_Task details_. Write out exactly, excluding pictures, the lines from the one containing "Imagen de archivo" through the end of the data, both included.

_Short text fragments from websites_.
((

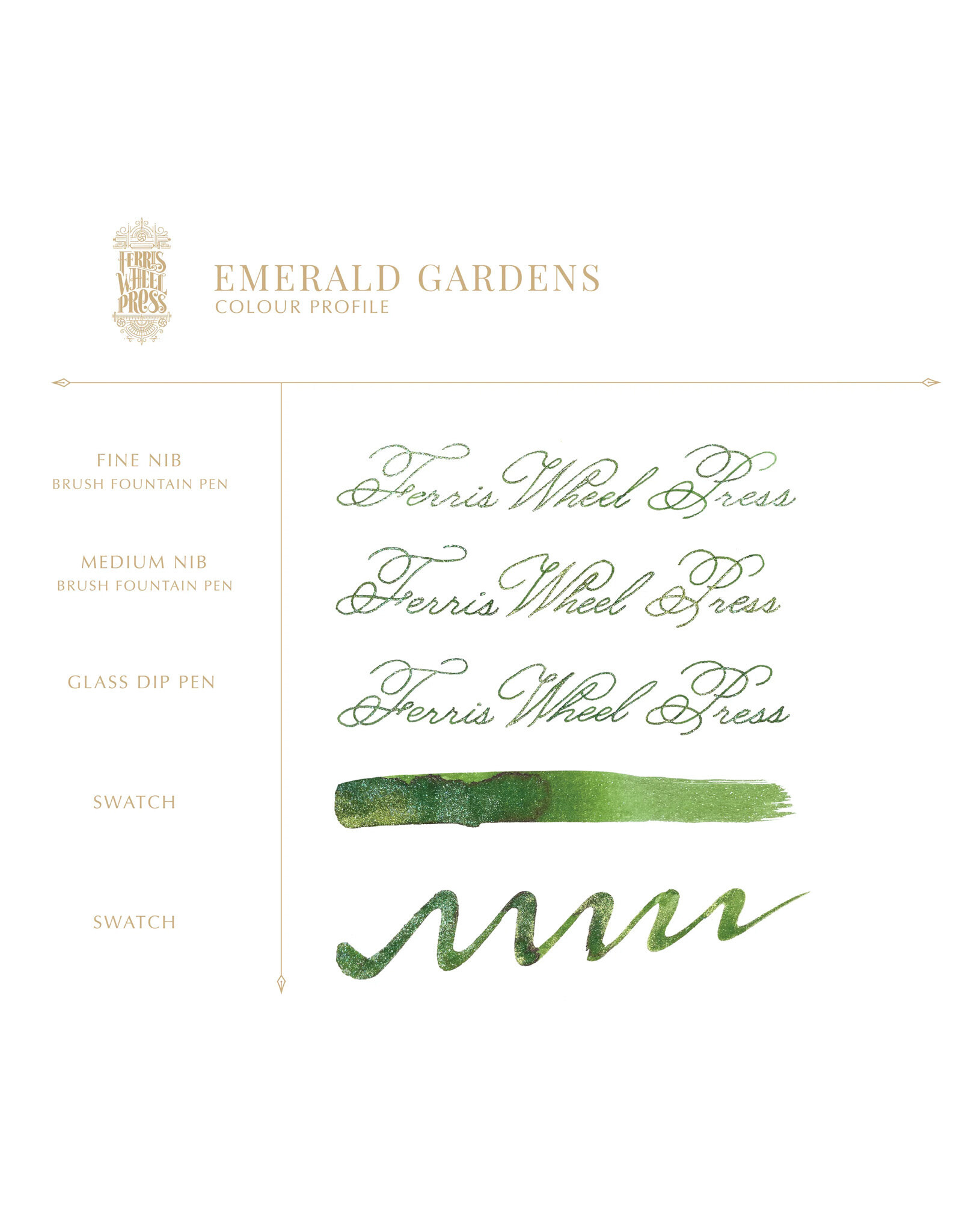 Ferris Wheel Press Ferritales | The Wild Swans, Emerald Gardens 20ml
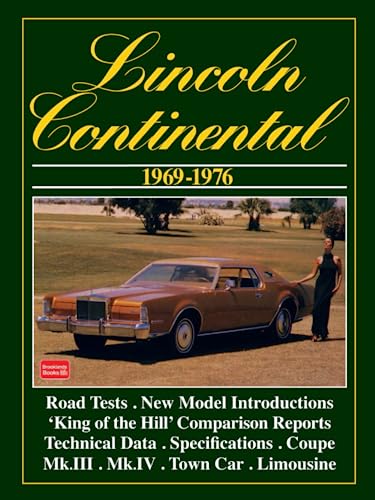Imagen de archivo de Lincoln Continental 1969-1976: Road Test Book a la venta por Ergodebooks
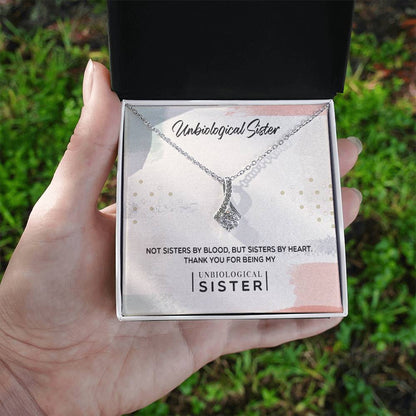 To My Unbiological Sister, Thank You - Alluring Beauty Necklace
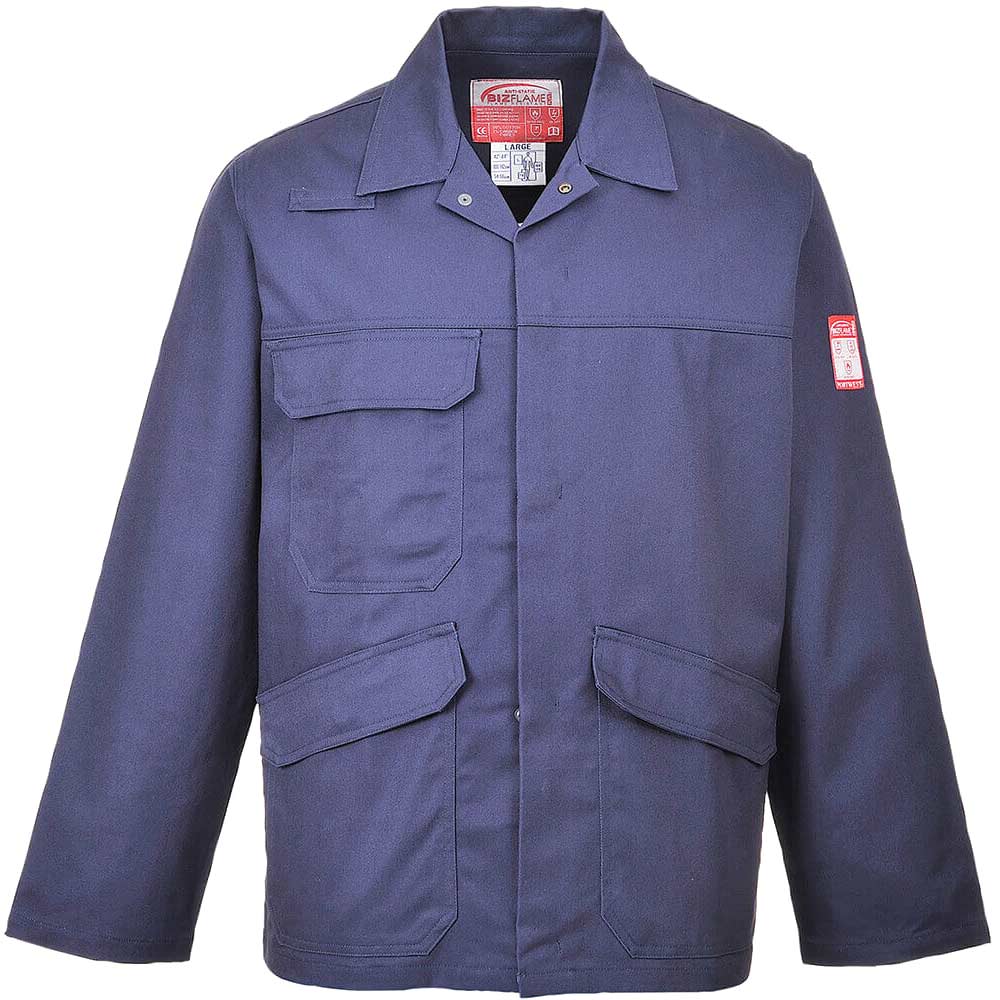 Image of Biz Flame Pro Mens Flame Resistant Jacket Navy 2XL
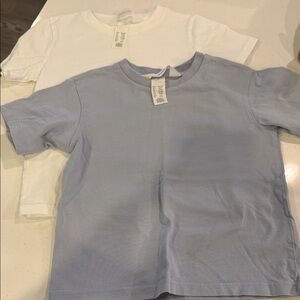 H&M Kids' White and Light Blue Tees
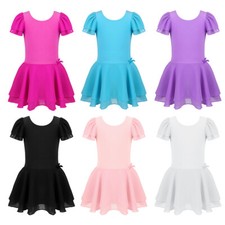 Kids Girls Short Sleeve Ballet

))

_Written reply_.
Imagen de archivo de Lincoln Continental 1969-1976: Road Test Book a la venta por Ergodebooks
 To My Unbiological Sister, Thank You - Alluring Beauty Necklace
 Image of Biz Flame Pro Mens Flame Resistant Jacket Navy 2XL
 H&M Kids' White and Light Blue Tees
 Kids Girls Short Sleeve Ballet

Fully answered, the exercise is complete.